19 is a young age, but old enough for one’s character and personality to be more or less finalised. Every baby is born a clean slate, but over the years human interaction with those around them, like permanent ink on a sheet of plain paper, shapes every individual differently from one another. Everyone has different experiences, cultures, opinions, habits, and beliefs. And it is this combination of everything; the bits and pieces of one’s childhood, that forms one whole concrete picture that is one’s adulthood. Like a finalised painting after many, many, strokes of the brush.
My best friend and I clicked like the perfect puzzle piece. We started off as strangers from vastly different backgrounds, but all of our differences and jagged edges fit right in with each other so snugly, like a perfectly fitting shoe. And how rare is that to find, a perfect puzzle piece, when no two people are the same?
I know full well the people who have crafted me from childhood until now, those who created my puzzle piece. Those who have shaped me uniquely me, complete with influencing my set of beliefs, opinions, character and personality.
And which other group of people had shaped and influenced my best friend? Which other group of people had walked with my best friend way before I did, such that we clicked so effortlessly?

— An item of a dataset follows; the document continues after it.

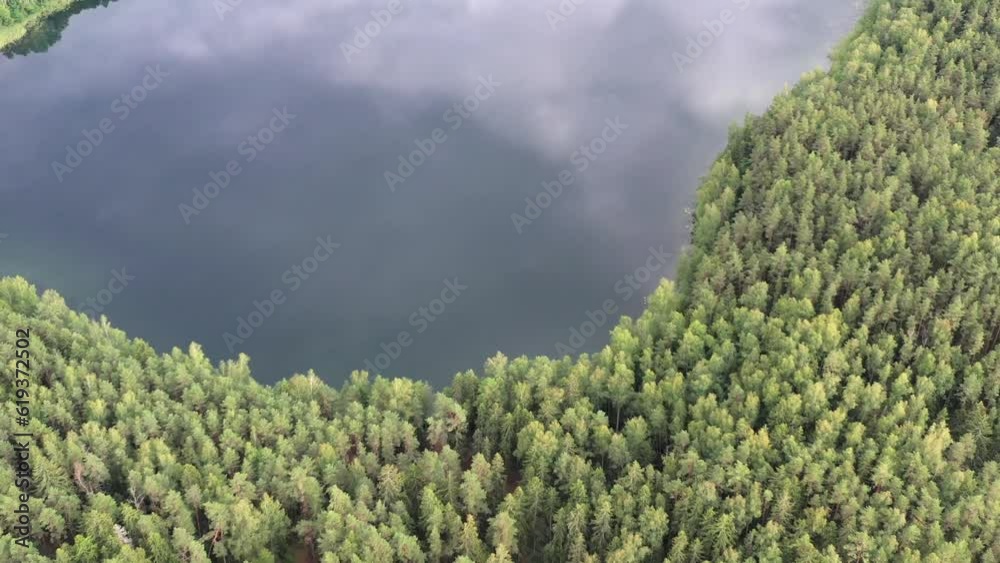 Drone flies over the forest and lake 4k movie. European nature landscapes concept Drone flies over the forest and lake 4k movie. European nature landscapes concept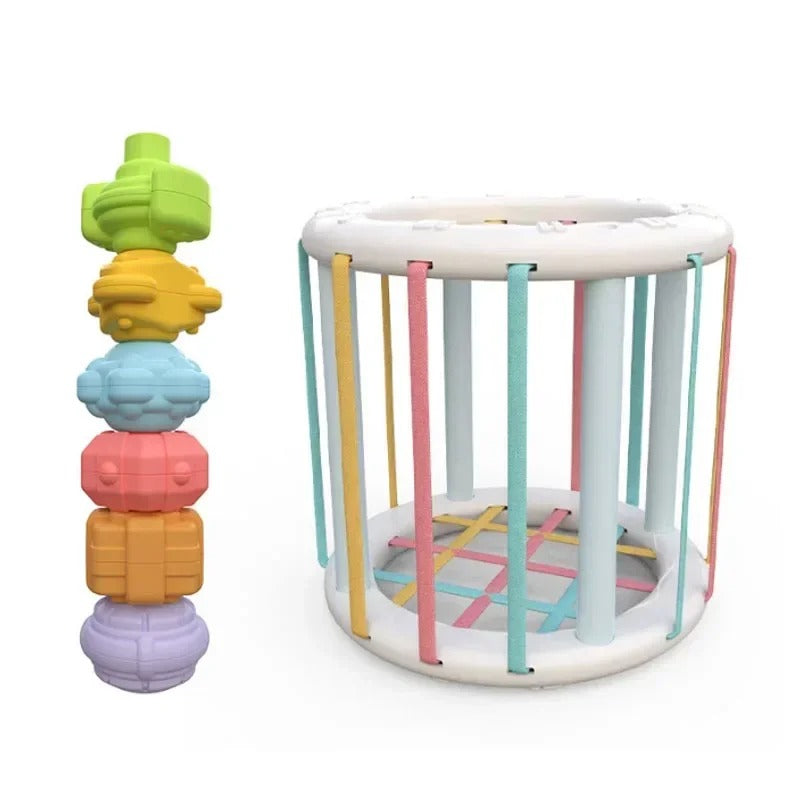 Jouet-bebe-6-mois-modele-cylindre-pastel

Everyone is a mirror of those who have walked with them. However you think of me, reflects about those who have been critical to my growing up. And for me, it’s always rather intimidating to come to see these mirrors, regardless your own or someone else’s. Had these mirrors not reflected, I wouldn’t be me, and you wouldn’t be you.
Today I met my best friend’s mirrors, those who have walked with her longer in years than I have in months. It was an incredible honour, but it was also a surge of emotions. I saw so many aspects of my best friend in another person—a stranger, to me. These mirrors of my best friend are complete strangers to me. But complete strangers come together and form an inseparable person.
I hear stories of my best friend when she was at an age that now seemed too distant for me. What would I have done if I met my best friend when we were 7 instead of 19? These would only be hypothetical questions, but they invoke so much pondering.
How? Where? What? Why? How? Am I trying too hard? Why do I feel this way? Is anyone even relating to this at all? What does my best friend think of this post?
Humans are weird and I don’t deny one bit of it. And language is more powerful now than it has ever been, but today I feel like I’ve done a poor job in relaying my emotions in this blog post. I feel like I’ve not said anything very meaningful at all, and I’m not sure if anyone will understand, much less relate to me. I take a lot of pride in my writing, but I’ve utterly failed in this post at trying to relay the storm in my head.
Perhaps, either it is not meant to be relayed, or only those with puzzle pieces that complement mine shall understand me.